Cultura é o que fica depois de se esquecer tudo o que foi aprendido.
André Maurois
A cultura do pensar e o pensar sobre a cultura
O pensar é, em si, elemento da cultura, embora haja uma distinção, dizem alguns, entre o pensar e o fazer cultura, nos moldes de uma vinculação epistemológica que separa as duas práticas, a do pensar e a do fazer. Alegam tais defensores que, se na primeira o exercício cerebral, na ordenação dos elementos da linguagem, se firma como característica, no segundo, a mobilização social e a construção de ações e objetos culturais imperam, como atributos que caracterizam esse fazer.
Ainda que admitíssemos a distinção, a linha que dividiria essas categorias seria muito difusa, cabendo, por exemplo, defender que um livro sobre cultura é produto cultural. Logo, o pensar que resulta em livros, artigos e ações como palestras e seminários são, simultaneamente, o fazer o pensar a cultura. De modo semelhante, seria o fazer a cultura, que considera, em toda produção, um pensar cultural que se lança ao fazer. A intrincada e dinâmica manifestação cultural torna-se, então, uma completude entre o fazer o pensar, entre o pensar fazendo e o fazer pensando.

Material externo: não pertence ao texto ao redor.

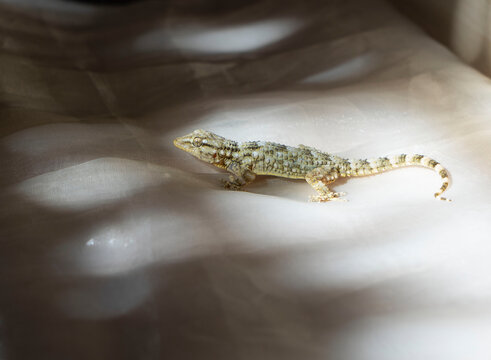   Geco  Hemidactylus Mabouia, Geco en sol y sombra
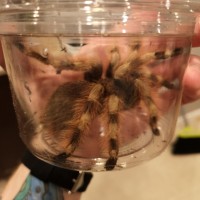 Sold as B. Smithi female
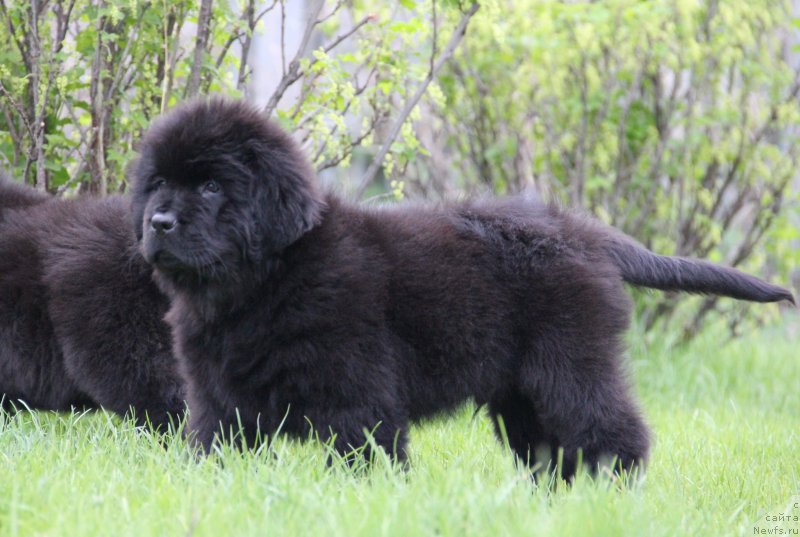 Фото: Ньюфорт Шарм Шоу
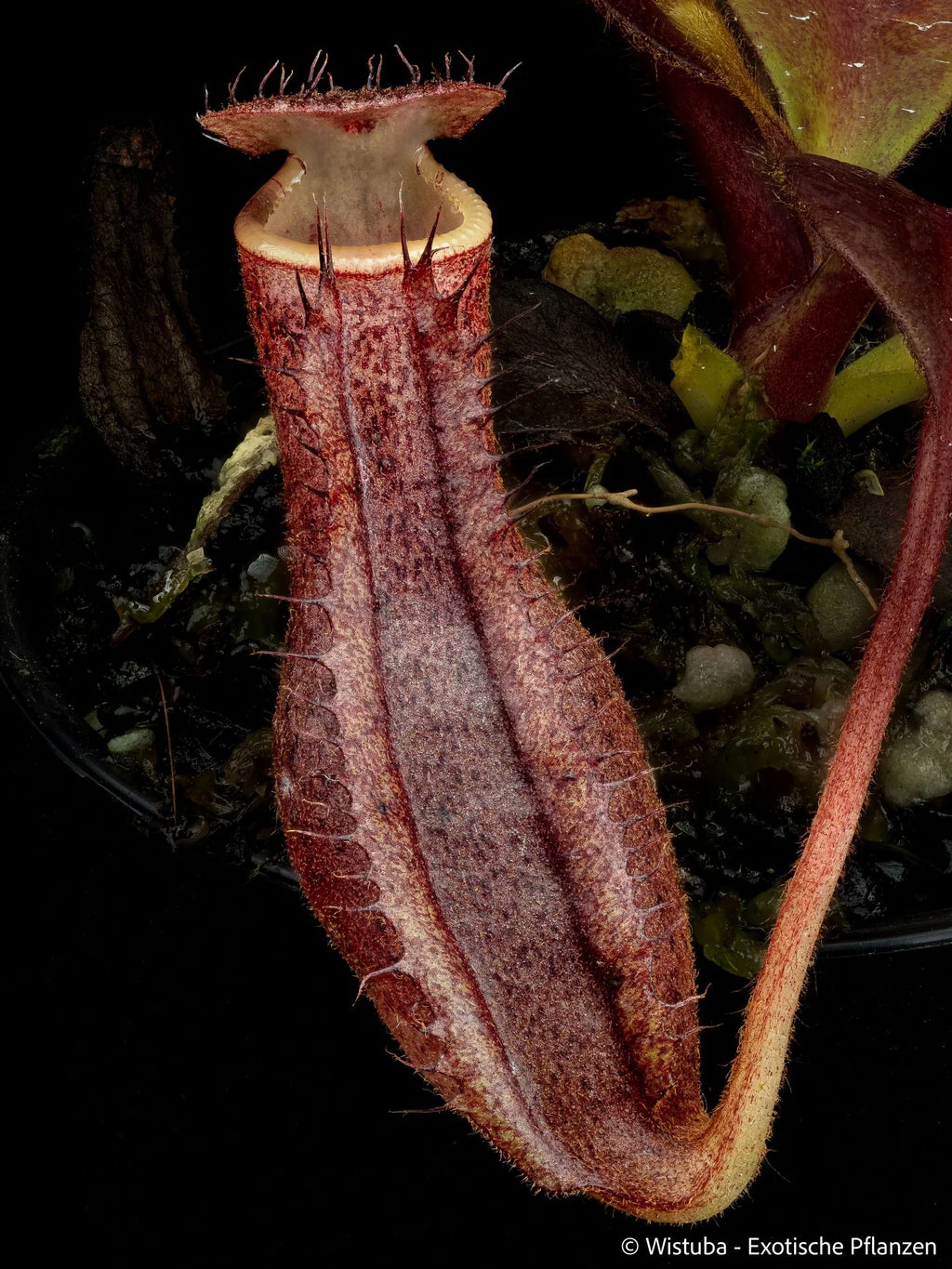 Nepenthes (boschiana x clipeata) x (lowii x clipeata) 大森食虫植物農園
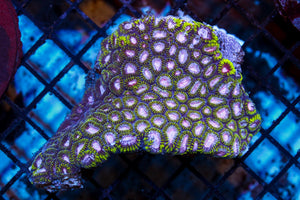 wholesale_coral - saltwater_fish saltwater_coral - rare corals - coralsdepot - Corals_Depot - live_corals - eye - catching - coral quality_marine_fish - quality - marine discoun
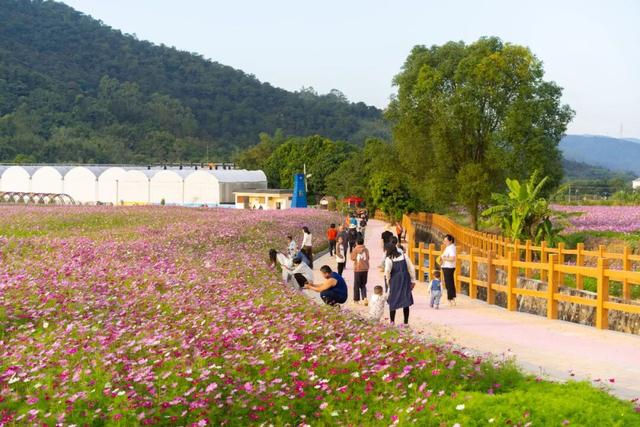 格桑花开！共赴一场反季的浪漫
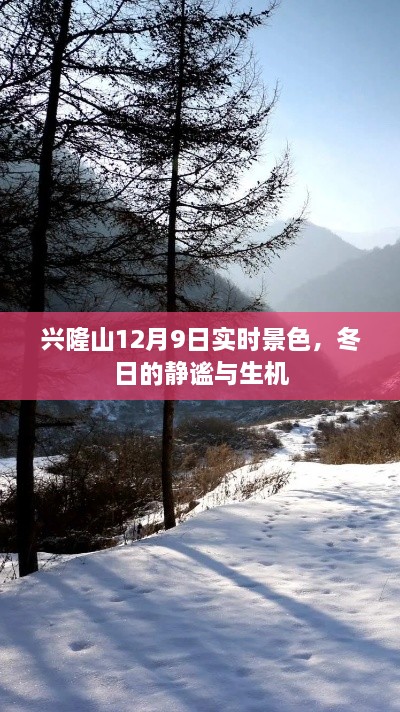 兴隆山冬日的静谧与生机，实时景色12月9日实拍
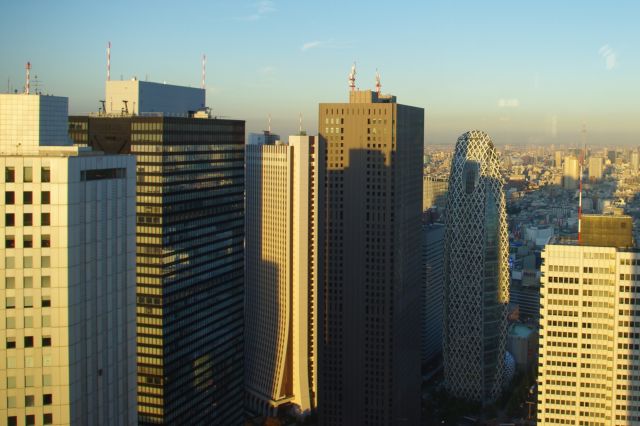 東側には夕陽を浴びる新宿副都心の高層ビル群が並ぶ。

A cultura é um pulsar de proposições práticas e teóricas, e que permite teorizar com práticas e praticar com teorias.
Ensina-nos a didática que a segregação, não apenas por puro prazer do método científico, é uma bondosa auxiliar, permitindo-nos a compreensão de cada elemento formador de um conjunto, antes de nos atrevermos a buscar a chave léxica do conjunto. Observado por este ângulo, não se pode retirar a razão de quem distingue o fazer do pensar, e o pensar do fazer, mesmo na cultura, observada ser a distinção um percurso para se retomar o todo. No dizer de Canclini (1998), a caracterização de culturas como a familiar, a corporativa, a empresarial, a religiosa etc, nos serve para melhor dimensionar perfis de comportamentos e valores, mas não para segregar tais culturas de outras, como se fossem, de fato, isoladas. Não são. Em Dubet (1994) vemos que as experiências sociais possuem tonalidades de compartilhamento que influenciam fortemente nossas experiências individuais. Não há perspectiva de isolamento do individual com o social, embora possamos abordá-las distintamente, em um esforço analítico. As interações são não somente frequentes, mas se vinculam de modo indelével, em interdependência. Gostos, valores e mesmo compreensão da vida são visões compartilhadas por grupos e comunidades. Subjetivações são igualmente processos apreendidos culturalmente, na mescla do individual com o social.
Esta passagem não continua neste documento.